I Bantù dello Zambia hanno segnato allo scadere del primo tempo su assolo di Kalusha Bwalya e sinistro diagonale basso sul quale Tacconi ha steccato in misura inversa alla violenza del tiro. Poi, Tacconi ha clamorosamente rinnovato le dicerie degli antichi romani, secondo i quali tardi erant umbri: non ha neppure capito se una punizione dal limite fosse diretta o su due calci. Si è mal piazzato alle spalle di due sparuti compagni in barriera e il solito Kalusha lo ha uccellato bellissimamente sul primo palo. 

Non basta! L' ineffabile Tacconi, soffocando fra i pali, forse troppo vicini, si è avventurato in avanti e un Bantù che non era Kalusha ha scelto il tempo esatto per sorvolarlo, perpetrando l'inaudito 3-0. Nei recuperi, il magnificente Kalusha si è vendicato di un pestone facendo elegante tripletta personale. L'arbitro inglese Hackett ha avuto modo di convincersi che i pedatori italiani sono maleducati, riottosi e, in fin dei conti, ingenui oltre misura. Sicuramente irritato, non gli ha mai perdonato nulla.

In Italia, i giornali hanno espresso scandalizzato stupore: non già sopra sé medesimi, bensì per il bieco tradimento dei loro favoriti (?). E hanno concluso con salomonica grullaggine che per qualificarsi bisognerà battere l'Iraq.

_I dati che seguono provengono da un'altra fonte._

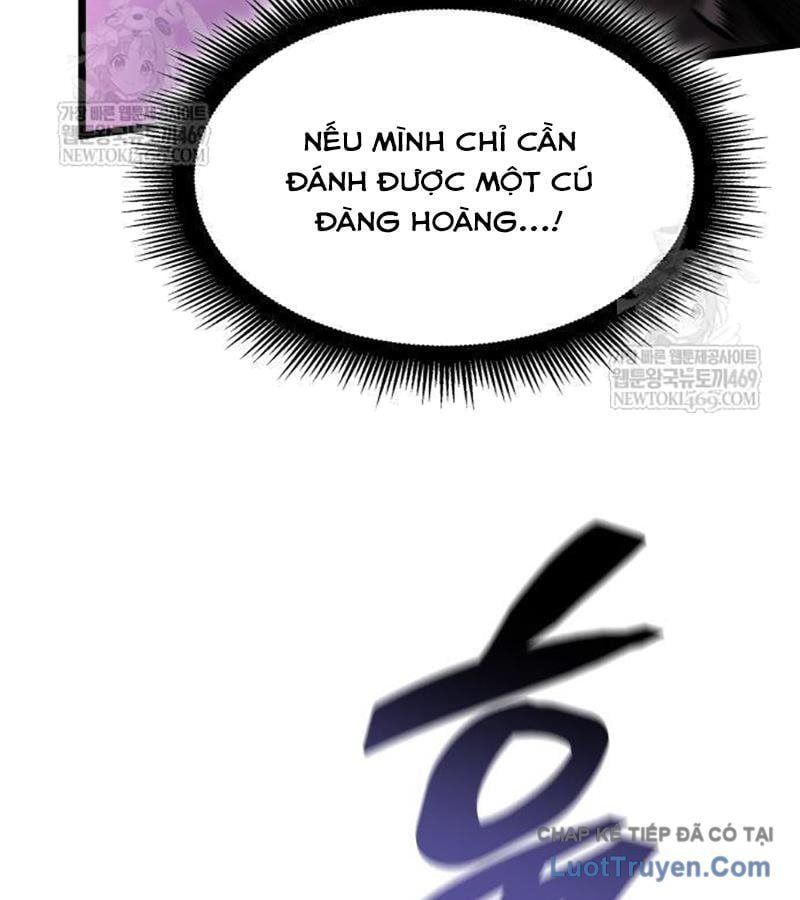 Độc Chiến Đế Vương Chap 42 - Next Chap 41
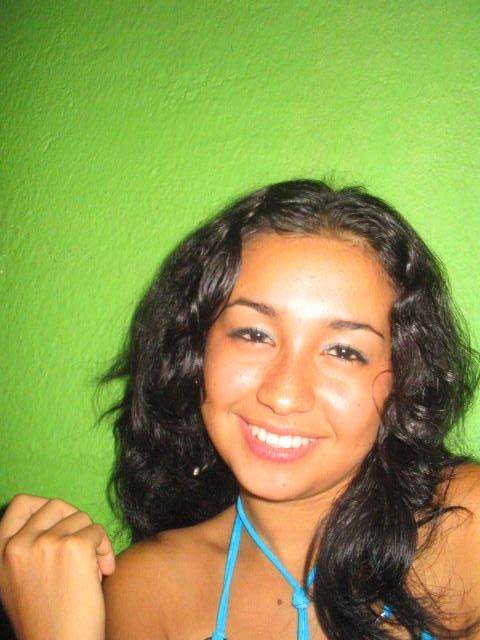 Foto 136 de Mi Pais · 23 de abril de 2005 en Mi Pais, Bucaramanga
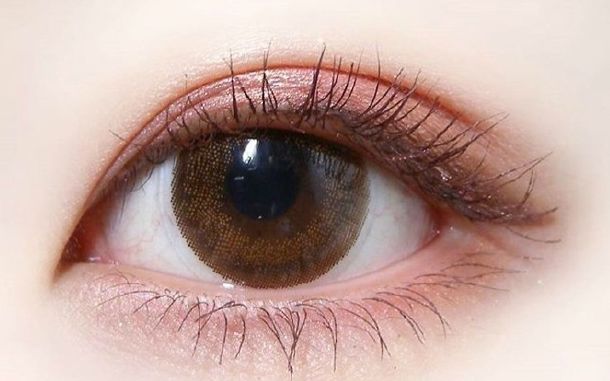 武漢嘴唇變薄哪家醫(yī)院好？如何選擇適合自己的專業(yè)整形醫(yī)院？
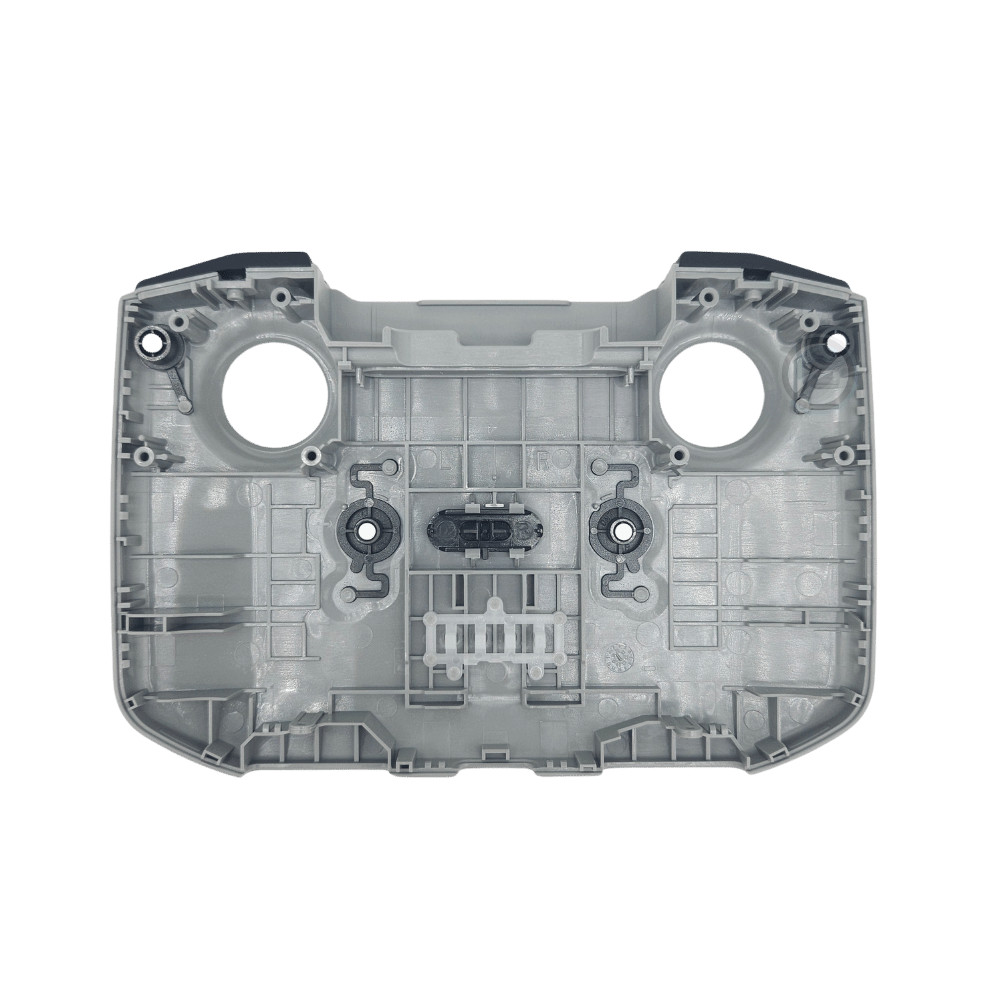 DJI RC-N2 Upper Cover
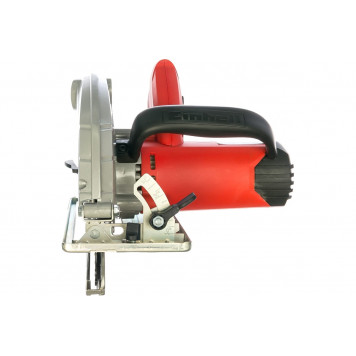 Аренда Пила TC-CS 1400 циркулярная 1400 Вт, диск 190 мм (арт. 4330937) Einhell-4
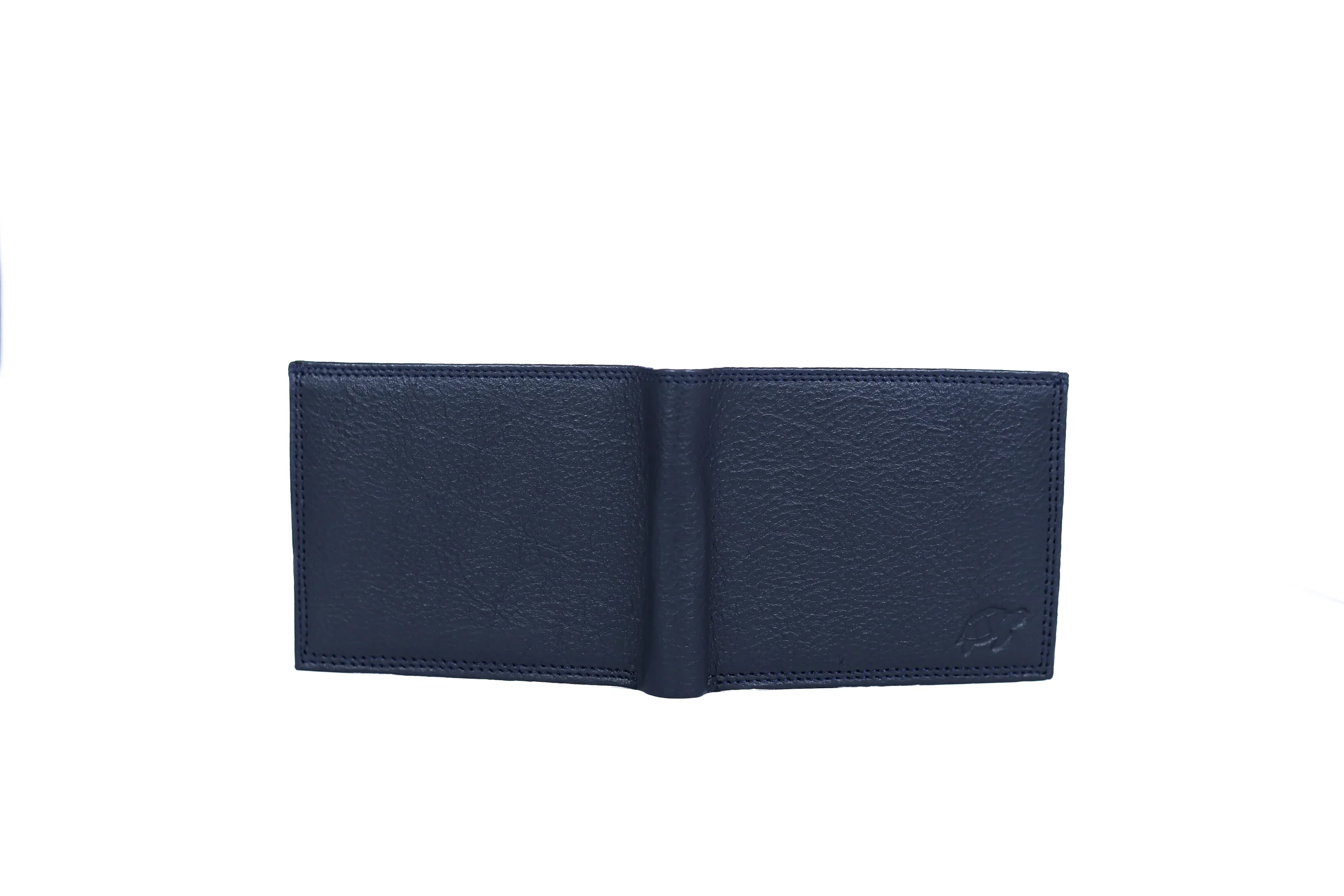 GT Gracehub Blue - Image 12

Il pianto dei dirigenti e dei critici italiani sull'andamento dei Giochi rasenta l'intensità di quello espresso dai greci nelle loro tragedie. Pochissimi si degnano di ammettere che le medaglie di Mosca erano state molte e addirittura troppe le medaglie di Los Angeles per il semplice fatto che nello stadio Lenin e al Coliseum mancava mezzo mondo. A Seul, i Paesi scesi in campo sono ben 160 ed è bastato il fiero ma piccolo popolo Bantù per mettere sotto i nostri calciatori.

Le mie notti avventurate hanno trovato utile sollievo nel volto simpatico e sgherro di un possibile congiunto del più grande romanziere e politico italiano, quel Tommaso Campanella che, pur languendo 28 anni in prigione, trovò modo di scrivere la Civitas Solis. In quel famoso romanzo politico, il frate calabrese deplorava che gli uomini, pur tanto solleciti nel migliorare le razze dei loro animali, non pensassero affatto di correggere le proprie sbolinate linee di sangue.

La Civitas Solis era così geniale ed ottimista da rasentare il candore. Frate Campanella era anche indovino ma forse non ha appreso dagli astri che un suo omonimo diciottenne avrebbe finalmente potuto nutrirsi da agiato europeo e imparar il pugilato come neanche Pindaro a pagamento si sarebbe potuto sognare. Il ragazzino Campanella crotonese come Milone! consola il cronista di ogni sconsiderata nequizia commessa in pedata e lo esime per una volta dal parafrasare ser Francesco Guicciardini. Al quale ha fatto dire ormai da molti anni: 'Che se tu fiderai nelli italiani, sempre avrai delusione'. Ora aspettiamo che i componenti la Lega Calcio mandino a Lusaka, capitale dello Zambia, i loro osservatori particolari. Di certo negli oratori cattolici e protestanti di Lusaka pedatano ragazzi che con due cocomeri ed un peperone si possono tranquillamente assicurare alla pedata italica. Ho già avuto occasione di scrivere, nella mia lunga vita, che la massima invenzione degli italiani deve considerarsi la loro acuta intelligenza. In attesa di una conferma così importante, celebriamo come si merita la ventiquattresima Olimpiade, istituzione quanto altra mai sacra nella storia dell' uomo antico e moderno.